Comments on this entry are closed.

Pat Leuchtman November 16, 2018, 9:14 am

This fall I have been torn. My volunteer garden group who work in a public park don’t believe in fall cutting back. So in some places I do cut back and where I don’t I comfort myself with the group’s rule. And today we have a 4″ snowfall, so no more decision making on my part is necessary.

Lisa November 14, 2018, 8:30 pm

Thanks for your thoughts about fall in northern climates. We’ve taken on a northern garden in Quebec (in the Gaspe peninsula), for summer gardening, and personally, I can’t imagine not basically gardening most of the year (we live in the SE US.)

Thanks for providing your perspective.

Mel November 14, 2018, 10:41 am

One of my favorite things about gardening in Montana is that there is an end of season. As much as I love gardening, I love putting it all away for a few months, gathering by the fire (like you!) and planning/dreaming next year’s garden.

Kathy Larson November 14, 2018, 10:26 am

This really hits home.Here in Iowa we fell off the temperature cliff-several nights of 10°,following days around 20°-but I still have glads to dig,and one last clump of cannas.Do you think they are still okay?

Kathy Purdy November 14, 2018, 10:47 am

If the canna was in a container as opposed to the ground, it might have succumbed. Being surrounded by earth (as opposed to a container), plant roots are insulated from the worst of it. In the end, you won’t know until you try. The glads sometimes winter over here, so they are probably fine.
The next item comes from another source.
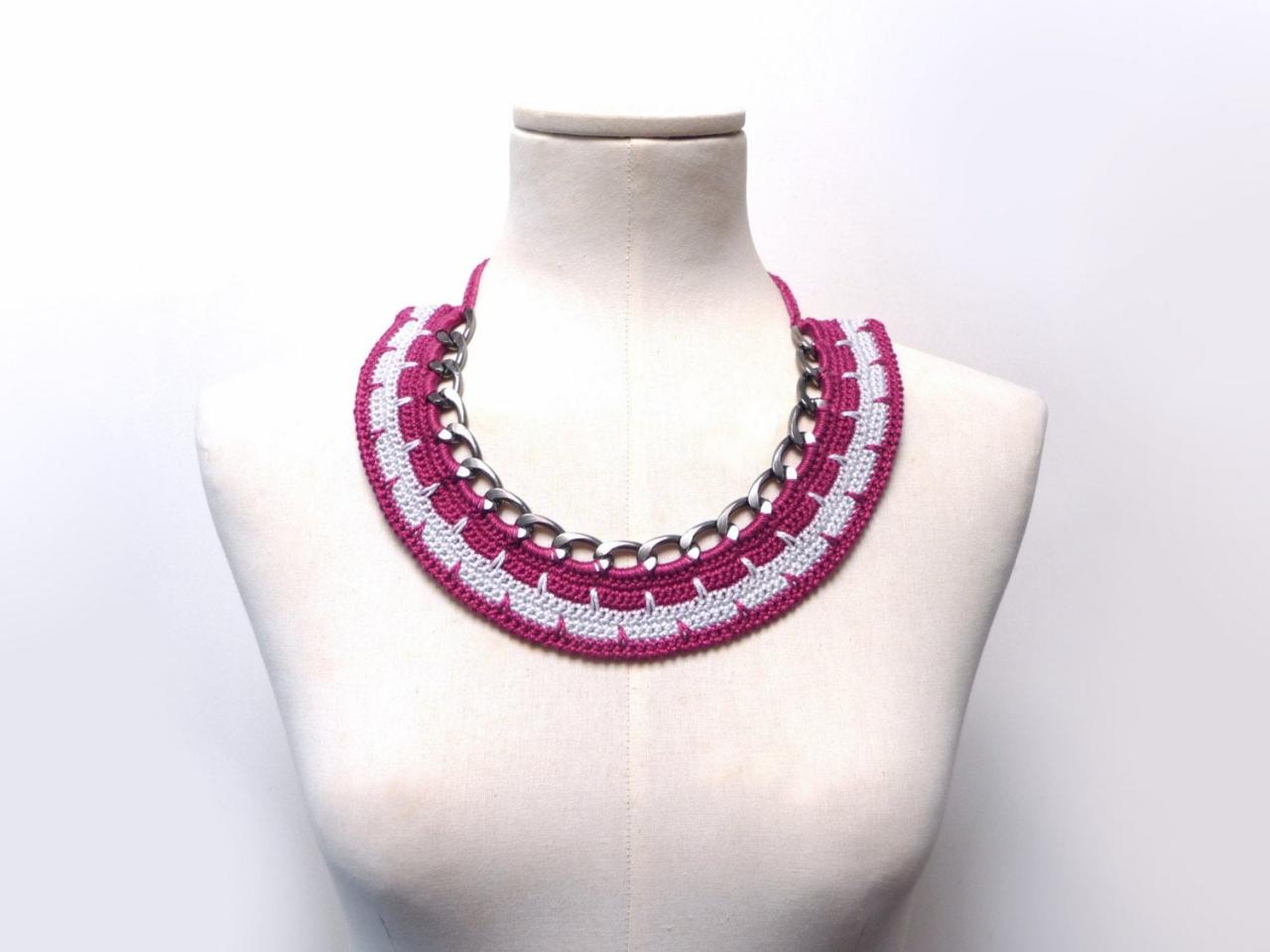 Crochet Cotton And Chain Necklace Choker - Color Block Statement Necklace - Gunmetal Chain With Plum Purple / Burgundy And Grey Cotton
Linda from Each Little World November 14, 2018, 9:12 am

Love the good fall/ball fall analogy. We are going to have two days with temps in the mid to high 30s and I need to get it all down now. Much colder for this early in Nov. ugh.

Kathy Purdy November 14, 2018, 5:44 pm

Linda, I used to get perplexed by people who consider fall their favorite season. I finally figured out that they don’t count “bad” fall in their reckoning. I guess I wouldn’t like spring so much if I considered mud season the main part of it. I only think of “good” spring as spring, so why not give fall the same consideration?

Joanne C Toft November 14, 2018, 8:55 am

Our fall ended quickly as well. There is a point that it is just to cold to do much outdoors. When it is 6 degrees with a light coating of snow those final leaves I wanted off the lawn just aren’t going to get raked or mowed. I had hoped they would be another round of mulch for the garden beds but not this year. There is a hint of warmth for today and tomorrow – maybe 36 degrees – it will feel like spring has come. 🙂

jenny November 14, 2018, 8:33 am

The gardening season is never over for me. That’s what comes of living in the south. I wish we could have a break. This year I feel cheated because we never had our ‘good fall’ But his morning, as the temperature dipped into the 20s last night, it will be over for many of my plants.

Kathy Purdy November 14, 2018, 8:47 am

In truth, my gardening season doesn’t end–it just moves inside. But it does take on a slower pace. And if you consider trail maintenance gardening, I garden sporadically throughout the winter as well.

Kathy November 14, 2018, 7:50 am

Sure don’t miss those days Kathy! Because I leave for my winter home, I get my chores done early – of course, now my garden planning revolves around my absence. What goes in the new garden must absolutely be fuss free and not in need of any late fall or early spring treatment. It is liberating! And of course, what I plant in my winter home also revolves around my absence. I will have the two toughest gardens in town! LOL That fire looks divine! Enjoy! I can smell the mac-n-cheese baking in the oven. Now I’m dreaming …

Lisa at Greenbow November 14, 2018, 6:35 am

We are having a colder than normal fall. I don’t mind the cold so much but wind and rain will send me inside before most anything else. Wind always makes life seem so dreary, cold and uncomfortable. I still have leaves to contend with but that is about all.